"Kamu ...." Meira merasa napasnya terhenti beberapa detik.
"Gak ada waktu lagi. Ayo cepat ikut aku!" kata pria di depan Meira dengan wajah tegang.
"Ta-tapi ...." Meira merasakan pusing di kepalanya. Tangan pria itu hendak menarik lengan Meira.
"Stop!" Meira menghindari tangan pria yang ingin memegangnya.
"Ayolah, Mei. Cepat pergi!"
Meira berdiri dan berjalan pelan. Pikirannya tak menentu. Bingung dan takut.
"Fandi!" panggil Meira dengan pelan.
Fandi mengabaikan pangggilan Meira. Ia membuka pintu sedikit dan memindai bagian luar kamar. Sepi.
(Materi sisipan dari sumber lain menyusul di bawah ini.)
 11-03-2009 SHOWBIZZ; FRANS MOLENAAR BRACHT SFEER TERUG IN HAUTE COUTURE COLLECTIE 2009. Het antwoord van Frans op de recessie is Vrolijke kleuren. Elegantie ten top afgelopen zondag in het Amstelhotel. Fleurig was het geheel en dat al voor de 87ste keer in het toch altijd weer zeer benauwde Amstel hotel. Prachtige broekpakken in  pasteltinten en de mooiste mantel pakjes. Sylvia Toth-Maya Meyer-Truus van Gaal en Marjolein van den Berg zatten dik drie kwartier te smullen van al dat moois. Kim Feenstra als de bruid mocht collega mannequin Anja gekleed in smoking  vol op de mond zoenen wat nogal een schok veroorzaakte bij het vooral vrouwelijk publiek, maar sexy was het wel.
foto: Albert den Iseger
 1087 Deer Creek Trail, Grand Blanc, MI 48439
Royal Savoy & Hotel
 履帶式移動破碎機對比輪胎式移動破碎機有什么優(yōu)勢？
"Ayo!" Fandi bergerak keluar, diikuti Meira.
Mereka melewati ruangan kecil, di mana ada dua kursi rotan dipisah dengan meja kayu persegi.
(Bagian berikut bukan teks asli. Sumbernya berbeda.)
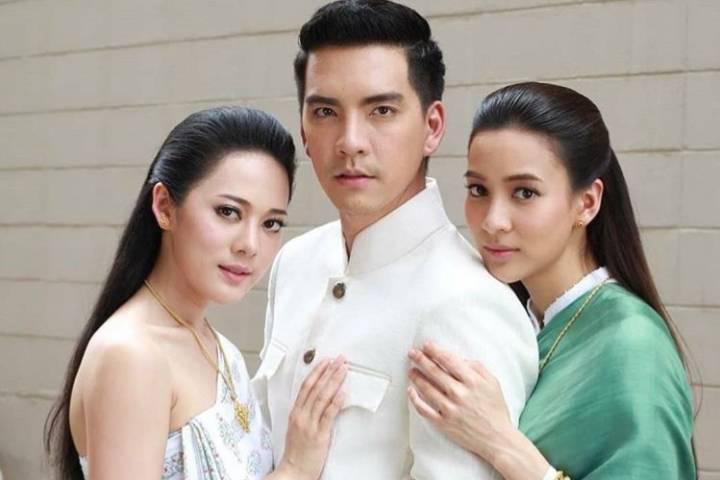 新泰剧《披肩圈套》,new搭档小绿和红宝石妹子上演爱恨纠葛!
Meira nyaris berteriak, saat sadar di lantai ulin ada seorang pria pingsan dengan posisi telungkup.
"Jangan teriak!" Fandi mengingatkan dengan lirih.
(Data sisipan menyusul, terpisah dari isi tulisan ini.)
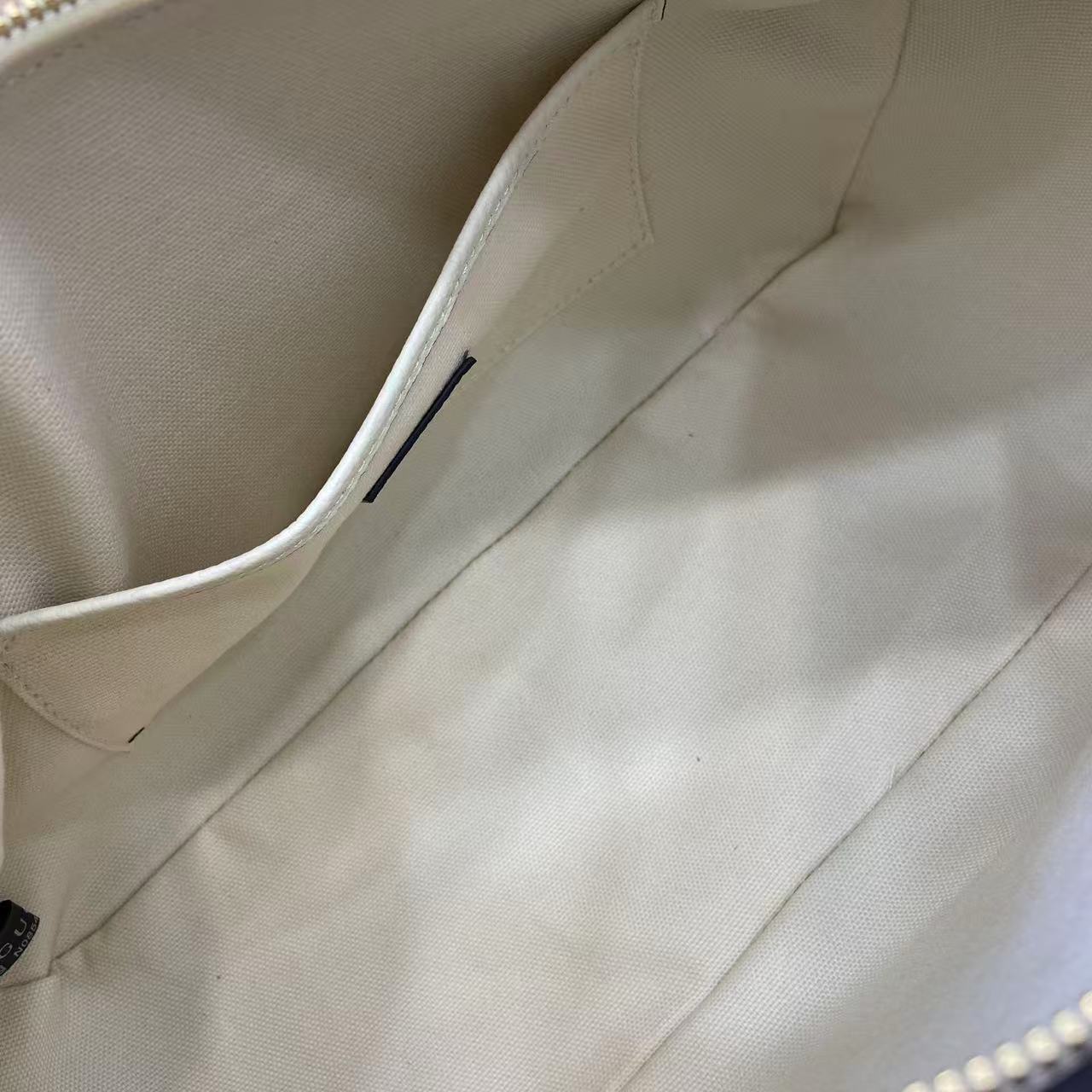 Gucci Half Horsebit Medium Shoulder Bag - FashionPlug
Mereka kembali melangkah. Fandi membuka pintu, lalu cepat mentupnya kembali. Ia mengajak Meira mengikutinya menuruni tangga kayu yang berdebu.
Fandi menginstruksi agar Meira hati-hati. Ada suara tikus berlarian di ruangan yang hanya mendapatkan cahaya bulan purnama dari sela dinding kayu yang renggang. Bau apek dan lembab membuat Meira kembali merasakan pusing.
Fandi berdiri di dekat pintu, mengintip dari lubang kunci. Di luar sangat sepi, hanya suara debur ombak yang terdengar. Sementara Meira memegangi kepalanya. Ia meringis.
"Fan ...." panggil Meira pelan.
Fandi menoleh dan melihat Meira lunglai.
"Meira?" Fandi memegang tubuh Meira agar tidak jatuh.
Dari lantai atas terdengar suara kaki sedang melangkah.
Fandi memapah Meira dan membawanya keluar. Angin menyapa wajah mereka.
"Bertahan. Kita harus keluar dari sini!" kata Fandi.
Ia memapah Meira yang lemas. Melewati deretan pohon bakau, lalu masuk ke jalan yang dipenuhi tumbuhan liar yang tumbuh setinggi lutut orang dewasa. Berjalan melintasi barisan pohon kelapa. Cahaya bulan menerobos dari sela-sela pohon.
Fandi terus membawa Meira. Di tengah jalan, wanita itu pingsan.
***
Hari sudah hampir pagi, tetapi Meira belum juga kembali.Revan berjalan gontai menuju kamarnya dengan menenteng tas dan belanjaan Meira yang tertinggal di taksi.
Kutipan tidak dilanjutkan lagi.